戯曲『広い世界のほとりに』 | 渡部遼介オフィシャルブログ「Ryosuke’ Note」powered by アメブロ

戯曲『広い世界のほとりに』

2006年にイギリスでオリヴィエ賞「BEST NEW PLAY」を受賞したその戯曲が日本で初めて翻訳され、今、手元にある。先月末からのTPTワークショップに参加している。

最近の作品であるからか、同じく手元にある古典『人間ぎらい(孤客)』よりも映像的で、長台詞も少ない。僕には岩松了作品を思い出させた。

あまり説明もなく、読み進めていくうちに何となく解ってくる。
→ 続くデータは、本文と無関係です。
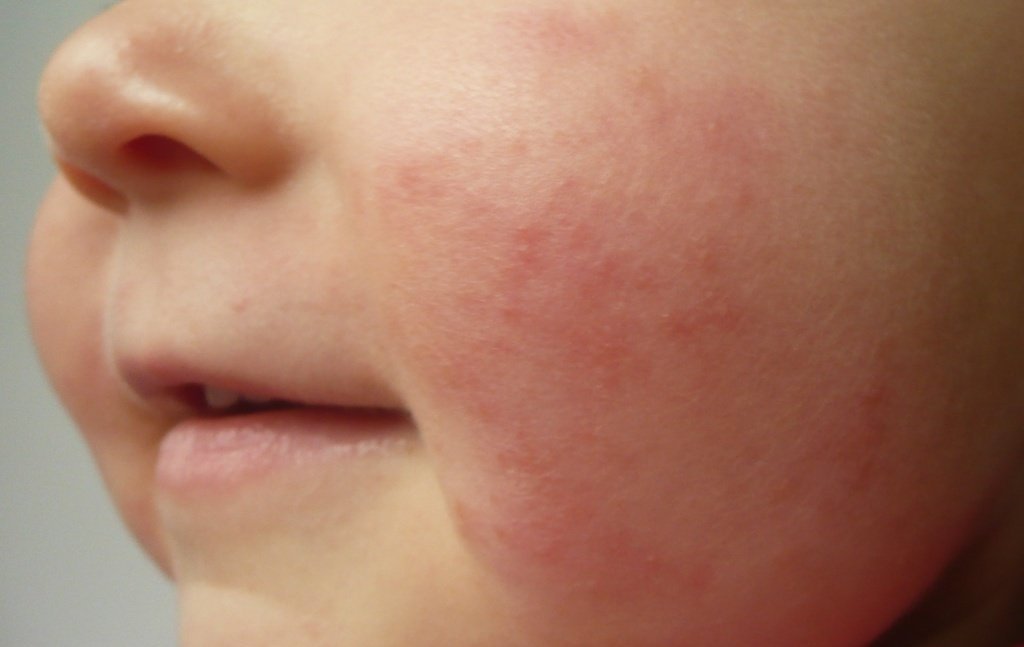 аллергическая сыпь у детей фото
しかし漠然とせず興味も失わせないところが大きな長所だ。

とても気に入るタイプだが、もし僕がこういう作品を書き上げたら心配することがある。

『俳優や演出家は、ちゃんと台詞以外を膨らませてくれるだろうか? 作品から離れずに?』


それはスタッフを軽んじているからではなく、日本の土壌として他にもっと優先度の高い事項が待ち受けているからだ。予算による稽古日程、打ち合わせの削減。ギャラによれば時間を割くことさえ限られるかも知れない。当然、戯曲の完成度も軽視される。
その他では暫定的な有名人のキャスティング。作品よりタレントを楽しみにする観客。キャストだって戯曲を読み込むことより、別の作業に忙殺されるかも知れない。
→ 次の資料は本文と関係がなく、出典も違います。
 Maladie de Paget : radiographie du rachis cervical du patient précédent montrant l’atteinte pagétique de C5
だがそれ自体日本の傾向であるが、決して悪いことではない。なぜならそれによって、実際に国から大きな保護を受けていない日本でのエンターテイメントを存続させることが出来ている。
ただし根本的な問題を先送りにしていることも確かだ。

僕がTPTを好きなのは戯曲のレベル(非常に高い)。そして実直なスタイル。それによって多くの業界人に愛されていること。あとは好みや仲間内で固まらず、常に大きな懐(ふところ)を用意してあれば、才能は自(おの)ずと集まってくるはずだ。